Gospels like this one were written to open our minds to truths.


Sunday, 5/4/14

(We had this Gospel a few weeks ago. I don't know any more about it now,so I'll just copy what I wrote then.) 

In all the Bible stories about the Risen Christ no one recognized him. I’m sure there is a lesson for us their, but I do not know what it is. Perhaps it is meant to alert us to a need to recognize him when he comes to us in different forms.

The two disciples seem to have missed Our Lord’s real message. They thought him a failure when he did not take advantage of his popularity to drive out the Romans.

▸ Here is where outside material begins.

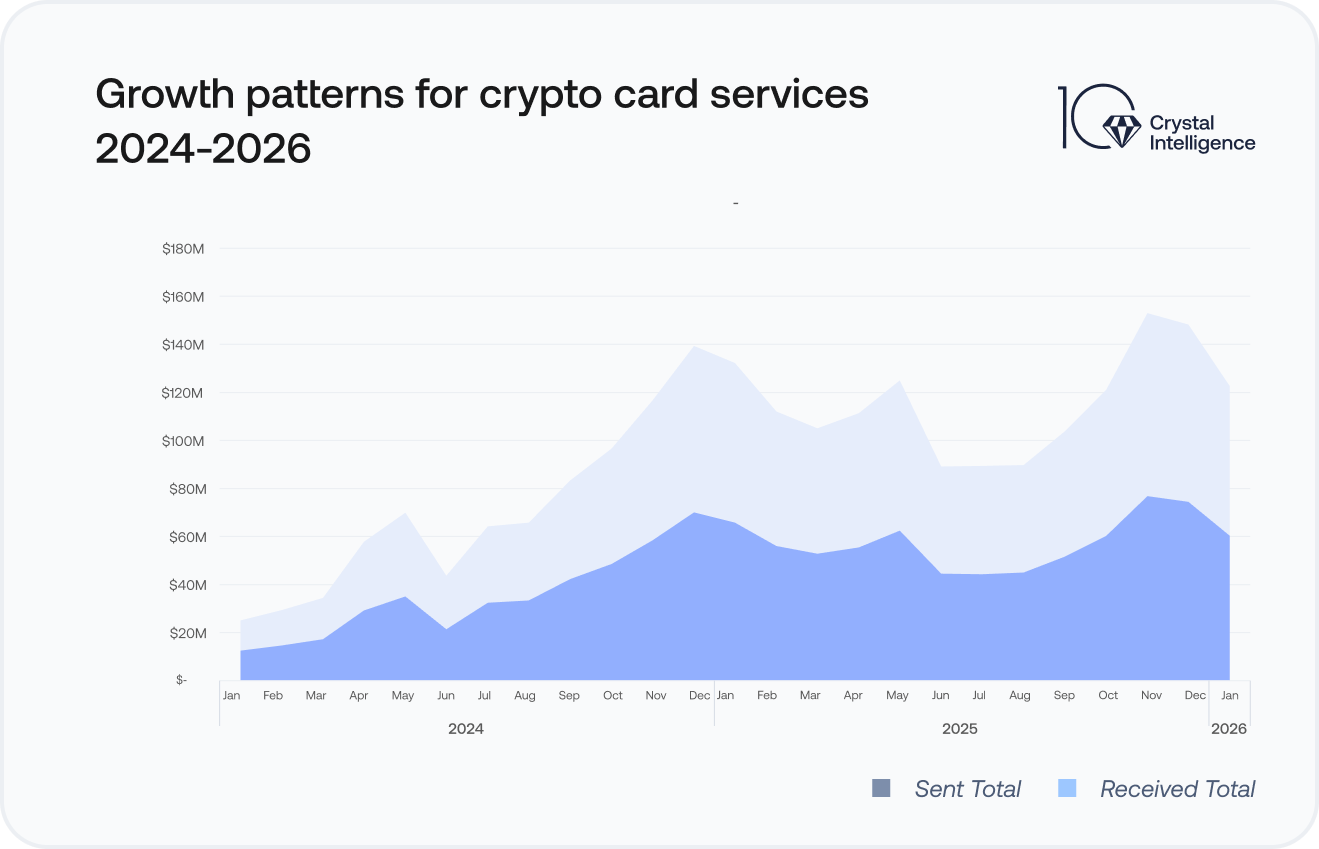 Crypto card services growth chart showing sent and received totals from 2024 to 2026 with increasing transaction volumes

Don’t you wish they could have recorded it when “Beginning with Moses and all the prophets he interpreted for them what referred to him in all the Scriptures” The two of them later said that their hearts were burning inside of them as he explained the Scriptures.

They later spoke of “how he was made known to them in the breaking of the bread.” I don’t think that his bread-breaking had a distinctive snap crackle pop to it. For a time in the First Century the Mass was known simply as “the breaking of the bread.” Although Jesus that night might have stopped short of offering a Eucharist, his words and action would have followed his distinctive way of performing the ritual.

The long day’s walk had wearied the disciples, but dining with Jesus had energized them for sprinting back to the gathering of disciples in  Jerusalem.